-- Opening Marker --

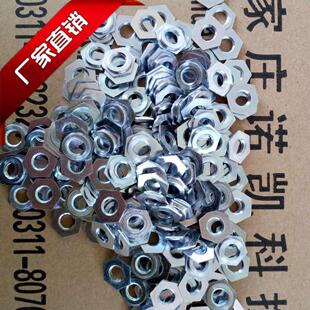 平齐螺母F自扣紧六角压铆螺母齐平螺母FS六角薄片镶嵌入式薄螺母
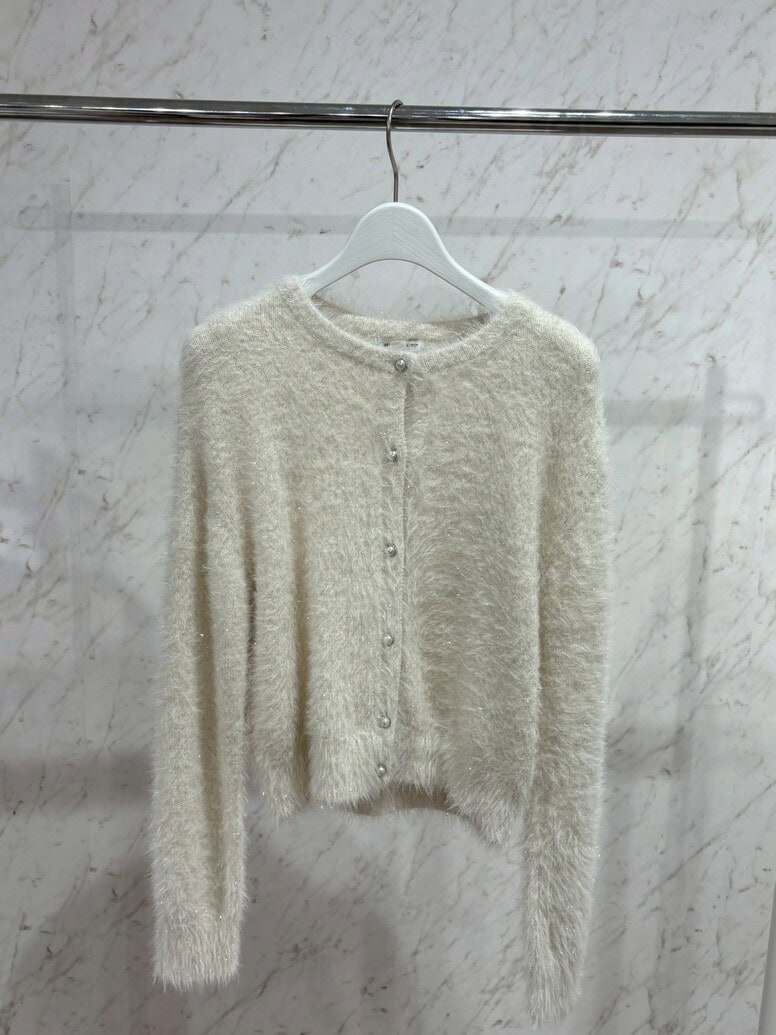 GU シャイニークルーネックカーディガンZ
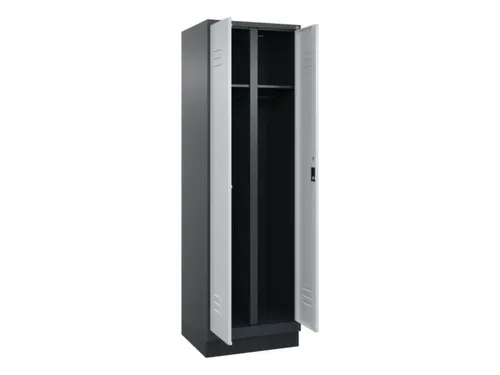 locker voor scheiding van kleding,HxBxD 1950x600x500mm,2vak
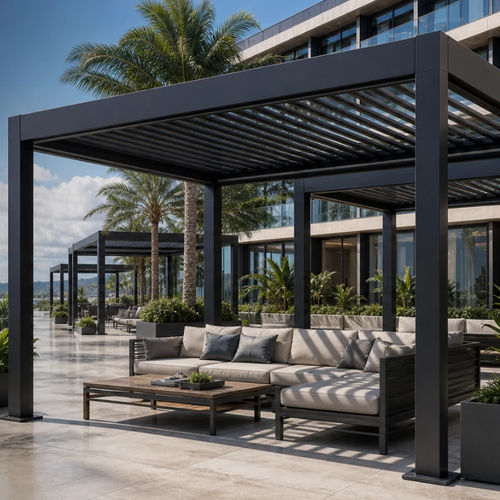 Pergola autoportante - ALUX Pergola - ancorata al suolo / in alluminio / in acciaio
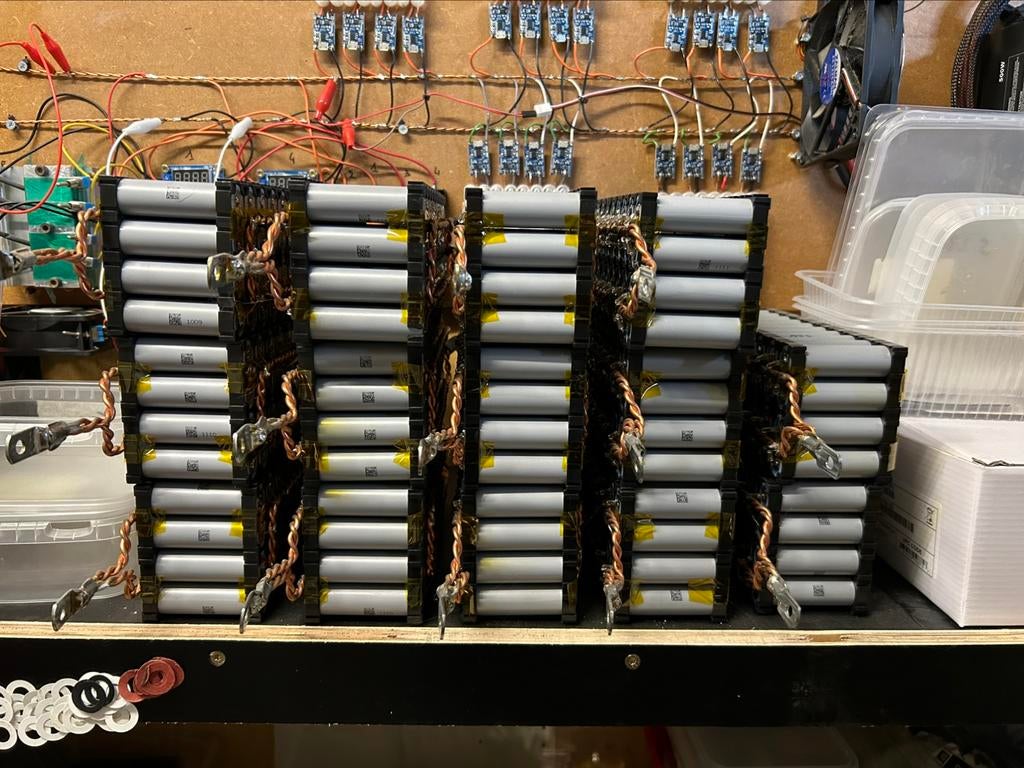 Diy powerwall 14s40p 3000 mah nieuwe cellen, Ophalen, Nieuw, Overige typen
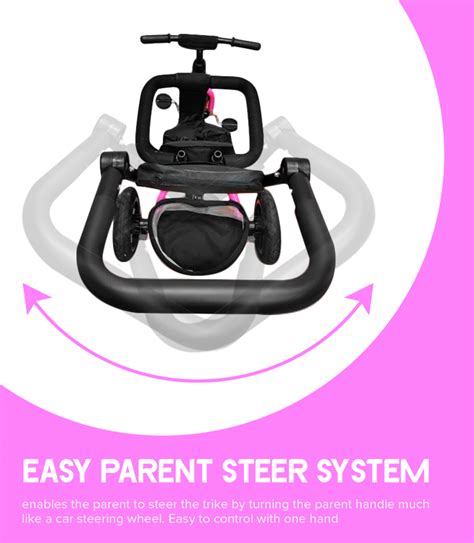 Push Trike Deluxe – Pink – Little Nation | Kids Toys, School Accessories, Trampolines ...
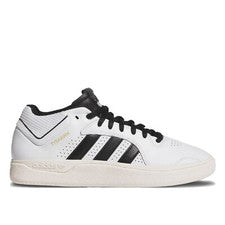 Nuevo Adidas Tyshawn de cuero blanco/negro/blanco para hombre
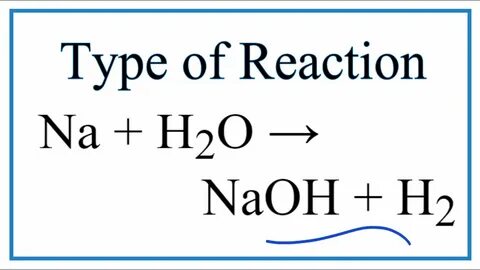 Type of Reaction for Na + H2O = NaOH + H2 - YouTube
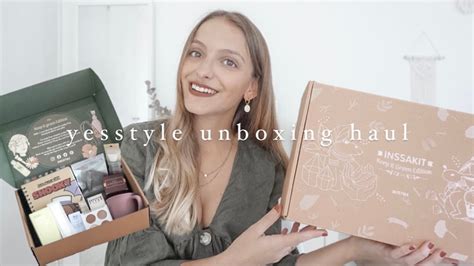 Yesstyle Unboxing Haul Youtube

-- Closing Marker --

Directions for this task:
Copy all the data exactly as written, but skip any picture.

Written reply:
 平齐螺母F自扣紧六角压铆螺母齐平螺母FS六角薄片镶嵌入式薄螺母
 GU シャイニークルーネックカーディガンZ
 locker voor scheiding van kleding,HxBxD 1950x600x500mm,2vak
 Pergola autoportante - ALUX Pergola - ancorata al suolo / in alluminio / in acciaio
 Diy powerwall 14s40p 3000 mah nieuwe cellen, Ophalen, Nieuw, Overige typen
 Push Trike Deluxe – Pink – Little Nation | Kids Toys, School Accessories, Trampolines ...
 Nuevo Adidas Tyshawn de cuero blanco/negro/blanco para hombre
 Type of Reaction for Na + H2O = NaOH + H2 - YouTube
 Yesstyle Unboxing Haul Youtube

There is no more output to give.